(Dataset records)
_____
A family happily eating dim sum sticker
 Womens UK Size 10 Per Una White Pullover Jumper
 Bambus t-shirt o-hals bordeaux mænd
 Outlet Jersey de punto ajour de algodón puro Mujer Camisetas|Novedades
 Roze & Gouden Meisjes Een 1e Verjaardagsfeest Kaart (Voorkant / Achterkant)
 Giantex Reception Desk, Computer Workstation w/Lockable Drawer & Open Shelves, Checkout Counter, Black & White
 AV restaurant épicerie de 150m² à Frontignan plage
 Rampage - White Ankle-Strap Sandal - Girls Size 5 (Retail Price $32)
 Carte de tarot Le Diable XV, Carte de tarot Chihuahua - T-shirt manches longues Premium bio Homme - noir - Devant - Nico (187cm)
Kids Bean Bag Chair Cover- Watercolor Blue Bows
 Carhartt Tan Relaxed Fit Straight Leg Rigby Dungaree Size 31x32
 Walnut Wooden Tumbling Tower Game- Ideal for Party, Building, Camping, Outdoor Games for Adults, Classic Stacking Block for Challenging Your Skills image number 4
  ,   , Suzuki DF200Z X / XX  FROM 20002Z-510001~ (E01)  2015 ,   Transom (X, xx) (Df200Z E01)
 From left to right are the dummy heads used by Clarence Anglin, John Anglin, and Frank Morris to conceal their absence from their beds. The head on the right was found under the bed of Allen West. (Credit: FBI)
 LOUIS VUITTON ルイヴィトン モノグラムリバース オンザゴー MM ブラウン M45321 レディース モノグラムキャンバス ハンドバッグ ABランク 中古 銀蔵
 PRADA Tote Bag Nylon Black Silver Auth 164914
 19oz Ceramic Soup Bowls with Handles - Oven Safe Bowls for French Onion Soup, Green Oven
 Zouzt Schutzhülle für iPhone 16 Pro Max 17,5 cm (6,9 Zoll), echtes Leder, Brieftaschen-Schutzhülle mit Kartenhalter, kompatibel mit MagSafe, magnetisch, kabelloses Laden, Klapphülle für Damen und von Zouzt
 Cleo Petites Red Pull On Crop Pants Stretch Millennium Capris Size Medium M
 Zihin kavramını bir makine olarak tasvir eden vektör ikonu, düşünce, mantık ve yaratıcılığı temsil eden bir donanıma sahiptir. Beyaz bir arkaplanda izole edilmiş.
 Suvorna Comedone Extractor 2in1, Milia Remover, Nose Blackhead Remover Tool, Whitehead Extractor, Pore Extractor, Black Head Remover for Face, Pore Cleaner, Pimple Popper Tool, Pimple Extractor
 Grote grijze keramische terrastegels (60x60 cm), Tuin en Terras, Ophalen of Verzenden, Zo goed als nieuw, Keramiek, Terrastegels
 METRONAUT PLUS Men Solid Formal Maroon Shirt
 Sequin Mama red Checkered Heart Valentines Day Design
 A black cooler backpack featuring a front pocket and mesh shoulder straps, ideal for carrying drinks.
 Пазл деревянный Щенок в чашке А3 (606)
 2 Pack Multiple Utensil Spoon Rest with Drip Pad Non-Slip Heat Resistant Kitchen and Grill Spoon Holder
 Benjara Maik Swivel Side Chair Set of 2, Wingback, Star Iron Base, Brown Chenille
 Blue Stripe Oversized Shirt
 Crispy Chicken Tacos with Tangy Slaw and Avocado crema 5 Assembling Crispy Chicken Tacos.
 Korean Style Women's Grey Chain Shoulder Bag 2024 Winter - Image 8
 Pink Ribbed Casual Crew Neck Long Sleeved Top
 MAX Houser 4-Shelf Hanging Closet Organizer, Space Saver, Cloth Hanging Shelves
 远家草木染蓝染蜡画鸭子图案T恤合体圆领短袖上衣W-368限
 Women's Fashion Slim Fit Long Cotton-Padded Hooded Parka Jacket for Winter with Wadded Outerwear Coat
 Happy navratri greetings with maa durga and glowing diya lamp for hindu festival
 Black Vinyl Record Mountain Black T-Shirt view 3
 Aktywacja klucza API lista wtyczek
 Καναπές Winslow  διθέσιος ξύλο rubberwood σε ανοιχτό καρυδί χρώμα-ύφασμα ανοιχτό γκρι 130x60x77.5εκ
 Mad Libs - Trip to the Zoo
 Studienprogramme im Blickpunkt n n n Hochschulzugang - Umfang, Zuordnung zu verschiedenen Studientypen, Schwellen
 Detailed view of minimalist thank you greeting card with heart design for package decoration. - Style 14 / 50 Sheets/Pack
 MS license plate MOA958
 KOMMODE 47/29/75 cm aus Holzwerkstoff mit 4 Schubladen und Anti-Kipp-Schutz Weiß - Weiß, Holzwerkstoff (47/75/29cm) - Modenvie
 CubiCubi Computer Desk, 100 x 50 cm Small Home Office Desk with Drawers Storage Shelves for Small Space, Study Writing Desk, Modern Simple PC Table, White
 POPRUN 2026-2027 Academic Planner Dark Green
_____
• What is required: From the first line through the last, give the data above again exactly.

• Answer for this exercise:
A family happily eating dim sum sticker
 Womens UK Size 10 Per Una White Pullover Jumper
 Bambus t-shirt o-hals bordeaux mænd
 Outlet Jersey de punto ajour de algodón puro Mujer Camisetas|Novedades
 Roze & Gouden Meisjes Een 1e Verjaardagsfeest Kaart (Voorkant / Achterkant)
 Giantex Reception Desk, Computer Workstation w/Lockable Drawer & Open Shelves, Checkout Counter, Black & White
 AV restaurant épicerie de 150m² à Frontignan plage
 Rampage - White Ankle-Strap Sandal - Girls Size 5 (Retail Price $32)
 Carte de tarot Le Diable XV, Carte de tarot Chihuahua - T-shirt manches longues Premium bio Homme - noir - Devant - Nico (187cm)
Kids Bean Bag Chair Cover- Watercolor Blue Bows
 Carhartt Tan Relaxed Fit Straight Leg Rigby Dungaree Size 31x32
 Walnut Wooden Tumbling Tower Game- Ideal for Party, Building, Camping, Outdoor Games for Adults, Classic Stacking Block for Challenging Your Skills image number 4
  ,   , Suzuki DF200Z X / XX  FROM 20002Z-510001~ (E01)  2015 ,   Transom (X, xx) (Df200Z E01)
 From left to right are the dummy heads used by Clarence Anglin, John Anglin, and Frank Morris to conceal their absence from their beds. The head on the right was found under the bed of Allen West. (Credit: FBI)
 LOUIS VUITTON ルイヴィトン モノグラムリバース オンザゴー MM ブラウン M45321 レディース モノグラムキャンバス ハンドバッグ ABランク 中古 銀蔵
 PRADA Tote Bag Nylon Black Silver Auth 164914
 19oz Ceramic Soup Bowls with Handles - Oven Safe Bowls for French Onion Soup, Green Oven
 Zouzt Schutzhülle für iPhone 16 Pro Max 17,5 cm (6,9 Zoll), echtes Leder, Brieftaschen-Schutzhülle mit Kartenhalter, kompatibel mit MagSafe, magnetisch, kabelloses Laden, Klapphülle für Damen und von Zouzt
 Cleo Petites Red Pull On Crop Pants Stretch Millennium Capris Size Medium M
 Zihin kavramını bir makine olarak tasvir eden vektör ikonu, düşünce, mantık ve yaratıcılığı temsil eden bir donanıma sahiptir. Beyaz bir arkaplanda izole edilmiş.
 Suvorna Comedone Extractor 2in1, Milia Remover, Nose Blackhead Remover Tool, Whitehead Extractor, Pore Extractor, Black Head Remover for Face, Pore Cleaner, Pimple Popper Tool, Pimple Extractor
 Grote grijze keramische terrastegels (60x60 cm), Tuin en Terras, Ophalen of Verzenden, Zo goed als nieuw, Keramiek, Terrastegels
 METRONAUT PLUS Men Solid Formal Maroon Shirt
 Sequin Mama red Checkered Heart Valentines Day Design
 A black cooler backpack featuring a front pocket and mesh shoulder straps, ideal for carrying drinks.
 Пазл деревянный Щенок в чашке А3 (606)
 2 Pack Multiple Utensil Spoon Rest with Drip Pad Non-Slip Heat Resistant Kitchen and Grill Spoon Holder
 Benjara Maik Swivel Side Chair Set of 2, Wingback, Star Iron Base, Brown Chenille
 Blue Stripe Oversized Shirt
 Crispy Chicken Tacos with Tangy Slaw and Avocado crema 5 Assembling Crispy Chicken Tacos.
 Korean Style Women's Grey Chain Shoulder Bag 2024 Winter - Image 8
 Pink Ribbed Casual Crew Neck Long Sleeved Top
 MAX Houser 4-Shelf Hanging Closet Organizer, Space Saver, Cloth Hanging Shelves
 远家草木染蓝染蜡画鸭子图案T恤合体圆领短袖上衣W-368限
 Women's Fashion Slim Fit Long Cotton-Padded Hooded Parka Jacket for Winter with Wadded Outerwear Coat
 Happy navratri greetings with maa durga and glowing diya lamp for hindu festival
 Black Vinyl Record Mountain Black T-Shirt view 3
 Aktywacja klucza API lista wtyczek
 Καναπές Winslow  διθέσιος ξύλο rubberwood σε ανοιχτό καρυδί χρώμα-ύφασμα ανοιχτό γκρι 130x60x77.5εκ
 Mad Libs - Trip to the Zoo
 Studienprogramme im Blickpunkt n n n Hochschulzugang - Umfang, Zuordnung zu verschiedenen Studientypen, Schwellen
 Detailed view of minimalist thank you greeting card with heart design for package decoration. - Style 14 / 50 Sheets/Pack
 MS license plate MOA958
 KOMMODE 47/29/75 cm aus Holzwerkstoff mit 4 Schubladen und Anti-Kipp-Schutz Weiß - Weiß, Holzwerkstoff (47/75/29cm) - Modenvie
 CubiCubi Computer Desk, 100 x 50 cm Small Home Office Desk with Drawers Storage Shelves for Small Space, Study Writing Desk, Modern Simple PC Table, White
 POPRUN 2026-2027 Academic Planner Dark Green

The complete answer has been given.